The Alpha-Texture approach also helps if you are doing some kind of LOD for your terrain because with vertex-alpha you will reduce your number of "hooks" for the alpha and this will result in changes of color, when the lod changes.
Just my 2 cents
02-18-2004, 12:56 PM
Baron3D, thanks for the screenshot, that's very helpful.
Is this right?: You have a path texture that has an alpha channel corresponding to it's heightfield. Then you modulate that using alpha values at the vertices?
If that's the case, it's not a suprise you get the harsh edges.
If so, you might try exponentiating the alpha channel, rather than depending on clamping. Basicily come up with a function to alter the alpha so that it doesn't suddenily hit zero since that's what is creating the harsh edges.
02-18-2004, 02:57 PM
>Is this right?: You have a path texture that has an alpha channel corresponding to it's heightfield.
>Then you modulate that using alpha values at the vertices?
Yes, I could'n express myslelf better.
>If so, you might try exponentiating the alpha channel
I know what an exponent is, but what do you mean with "exponentiating the alpha channel"?
Must I use a fragmentshader or vertexprogram?
I am using an old gf2.
02-18-2004, 03:12 PM
I could have been more clear. I was thinking of a fragment program, though. I was thinking that alpha^n for n>1 would make a steep dropoff, but not so steep as to create a harsh edge. An exponent may not be the right function, trial and error would be a good approach.
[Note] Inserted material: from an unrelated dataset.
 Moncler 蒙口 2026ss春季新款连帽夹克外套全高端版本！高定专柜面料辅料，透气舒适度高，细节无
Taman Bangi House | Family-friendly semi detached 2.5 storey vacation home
If your target card can't do fragment proograms, then it's harder. Do you just have one big path texture that you want to cut out arbitrary walkways from, or could you make a path out of edges and middles, in which case you could do the blending in photoshop.
02-19-2004, 12:13 PM
The path texure is a tiled texture.
I'm rewriting my old endgine converting from dx6 to ogl.
The landscape is 10x10 miles.
So one big path texture is impossible.
Well, I'm planning to by a cheap 5900XT card before summer.
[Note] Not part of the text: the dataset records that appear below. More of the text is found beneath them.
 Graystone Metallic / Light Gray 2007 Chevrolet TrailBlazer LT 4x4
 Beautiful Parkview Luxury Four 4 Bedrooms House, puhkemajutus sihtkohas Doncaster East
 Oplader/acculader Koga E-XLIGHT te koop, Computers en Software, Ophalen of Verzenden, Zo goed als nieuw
And about target card, soon every card could do fragment programs.
Now the math is:
if(Texutre_alpha * Diffuse_alpha > 0.5) draw_pixel
What about: (per pixel)
alpha = (Texture_alpha * Diffuse_alpha - 0.5) * 8
Maybe with different constants.
02-19-2004, 02:41 PM
I was thinking per pixel doing
alpha = pow((Texture_alpha * Diffuse_alpha), 3)
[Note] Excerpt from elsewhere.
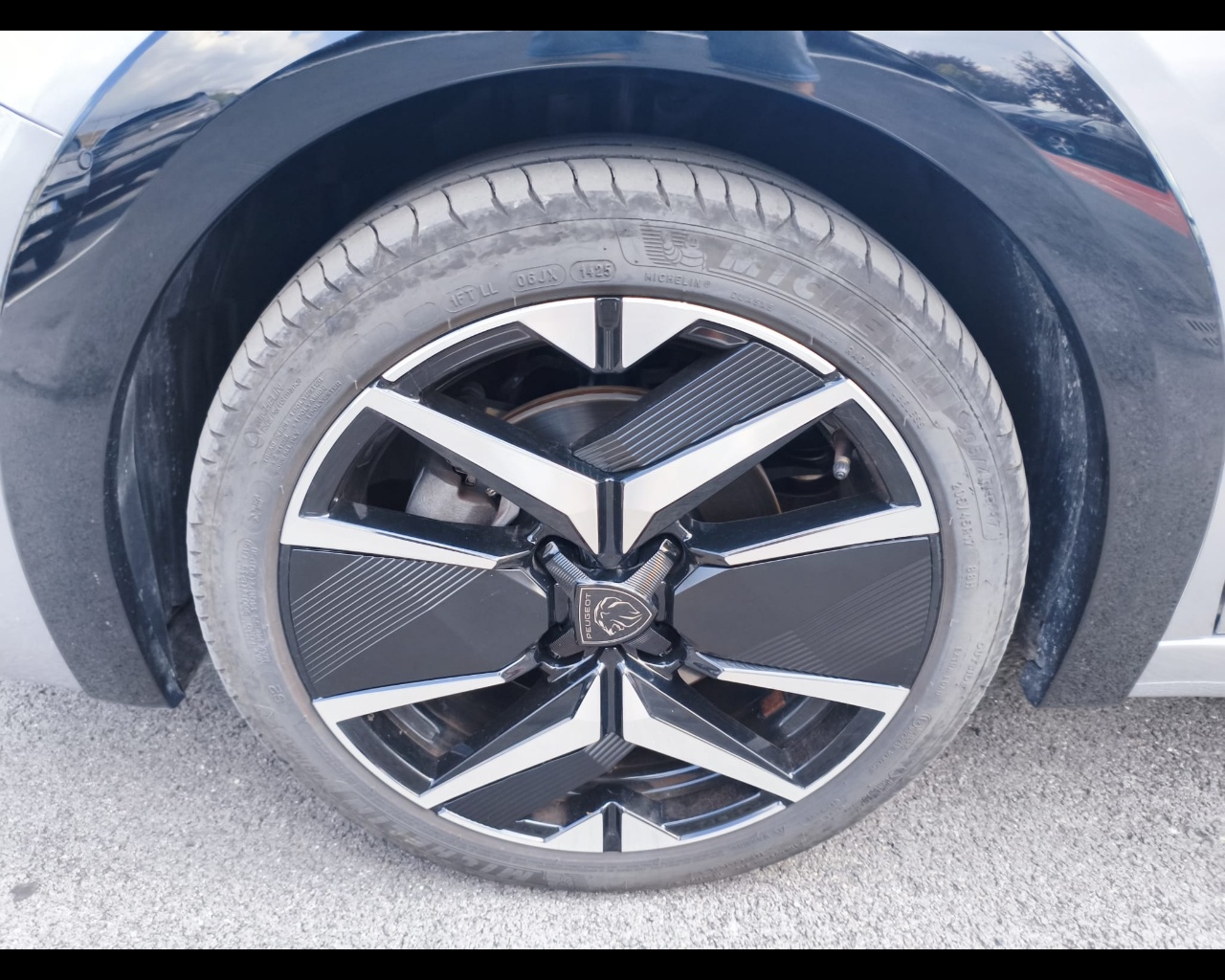 Foto PEUGEOT 208 1.2 hybrid GT 110cv e-dcs 6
You could add constants here or there to that, but that would create a sharp cutoff without any really harsh edges.
However, I think you migt get a better effect (with more effort) by having an "edge of path" texture, and a "path" texture, and carefully combining them so they line up. Then you could draw the grass-path transition, which would look much nicer. It would take effort and thought to make it lilne up nicely, though.
02-20-2004, 02:22 AM
glTexEnvf(GL_TEXTURE_ENV, GL_RGB_SCALE_EXT, 1.0f);
glTexEnvf(GL_TEXTURE_ENV, GL_ALPHA_SCALE, 4.0f);
... why oh why look at complicated solutions ?
02-20-2004, 10:11 AM
At the first glance this looked realy good.
>glTexEnvf(GL_TEXTURE_ENV, GL_RGB_SCALE_EXT, 1.0f);
>glTexEnvf(GL_TEXTURE_ENV, GL_ALPHA_SCALE, 4.0f);
Am I missing something ?
Absolutley NO reaction.
Just these two lines ?
I use them before glBegin .. gl End
02-21-2004, 02:25 PM
I solved it, Tanks for all help.
Texture_alpha is a heightmap (with some noise) in the range 0.15 to 0.65.
Where 0.15 is heigh level and 0.65 is low.
Vertex_alpha is 0.0 and 1.0
And here is the code:
glTexEnvi( GL_TEXTURE_ENV, GL_TEXTURE_ENV_MODE , GL_COMBINE_ARB );
glTexEnvi( GL_TEXTURE_ENV, GL_COMBINE_ALPHA_ARB , GL_SUBTRACT_ARB );
glTexEnvi( GL_TEXTURE_ENV, GL_SOURCE0_ALPHA_ARB , GL_PRIMARY_COLOR_ARB);
glTexEnvi( GL_TEXTURE_ENV, GL_SOURCE1_ALPHA_ARB , GL_TEXTURE );
glTexEnvf( GL_TEXTURE_ENV, GL_ALPHA_SCALE, 4.0f );
And here are the result. Comments? http://biphome.spray.se/frl_linder/img/Image_path_blend.jpg http://biphome.spray.se/frl_linder/img/Image_path_blend2.jpg
02-23-2004, 01:32 AM
My comments :
you'd better use somme corrected alpha channels rather than correcting them by yourself. Take your artist, take a whip, and whip until it gets corrected.
If you are the artist, whip yourself.